Having enjoyed the sunshine, central AC and spacious loos of a modern office building, I was recently deported to an ancient twentieth century office. After a few days of mild depression (comparable to that of a Beverly Hills resident putting up in an Indian railway general class waiting room), I decided to stop being glum about it, and to look at things from a positive perspective. About many things, I managed to console myself, but the pièce de résistance, the one thing I can still not reconcile myself with, is having a seat next to a shared printer.
With reams being written and talked (did someone say Stop Talking, Start Doing?!) about eco-friendly workplaces, it is astounding to get to know about the affinity of laptop-toting execs for The Printed Word. Once I got used to my chair being bumped from behind by people (ranging all the way from “Oops, I’m so sorry,” to menacing eyes saying “Get outta my way!”) on their way to collect their Printed Words, I did some analysing and inferencing and categorised these Chair Bumpers as follows.
· I-Can-Do-It-On-Screen-But-It’s-Easier-On-Paper
I ask, what is easier on paper? Reading? No, they say, it’s the ease of analysis and annotative capabilities and the comparability and shareability of documents (using multiple copies of course). Yeah, I add, the invigorating aroma of fresh ink on virgin paper too? They nod in excited agreement. These I-Can-Do-It-… types will typically have self-important expressions of smugness when they come to collect their Printed Words, and start reading them on the return journey to their chairs – So much to read and so little time, yaar! As if they hadn’t read the Words on their TFTs before.
· Read-at-Home
Poor workaholic souls who take their work home, yes, both in electronic and paper format. Their trick is to be spotted by the boss with a bunch of Printed Words while leaving the office. Earns them an additional point from the higher-ups and helps them show off their workaholism to their fellow travellers on their way to and from home. (For more on commuting sociology, read this.)
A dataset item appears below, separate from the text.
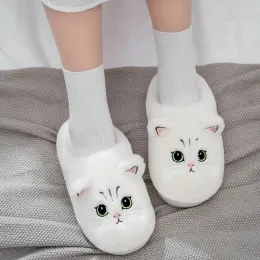 Slippers Fluffy White Cat Slippers Women's Cuddly Kitty Slides Shoes Woman Slipper Black Kitten Mules Fury Scuff Slippers New 2022 Winter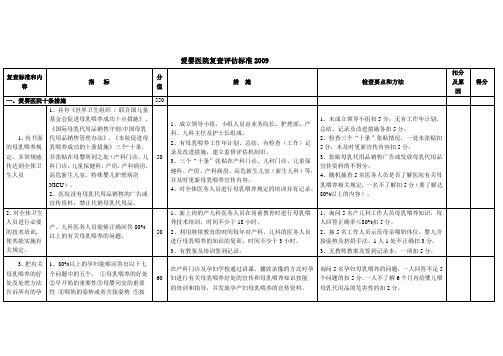 爱婴医院复查评估标准2009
· Clandestine Publishing Company Pvt Ltd
They will come in early, stay back during lunch hour, or even after hours, so that they can print their copies of War and Peace in peace (sorry for the pun!). The good part about these Publishers is that they avoid bumping chairs, and in fact greet you apologetically and envy you at the same time for sitting so close to the printer. In the beginning, it was strange to be greeted politely for a change rather than being Chair Bumped, but then things fell into perspective pretty soon. Publishers of this type are easy to spot – before striking Ctrl-P, they’ll always look around with shifty eyes and make sure the path to the printer is free of obstructions. And then, they put Usain Bolt to shame by the speed with which they complete their sprint to and from the printer. Oh and yes, a friendly guy sitting next to the machine is a potential partner in their Publishing Company.
· The Environmentalists
With a stricken expression as if the printer is using their blood rather than ink to do its job, the Environmentalists use duplex printing and hunt around for used paper in their drawers that they can recycle onto the printer tray. You would know them by the tagline Please do not print this unless it is absolutely necessary at the bottom of each of their emails. I would readily have myself Chair Bumped by these people than anyone else, but the trouble is they oblige me very rarely. So that journeys to the printer become social occasions and time for chatting up with long-lost friends who sit near the printer.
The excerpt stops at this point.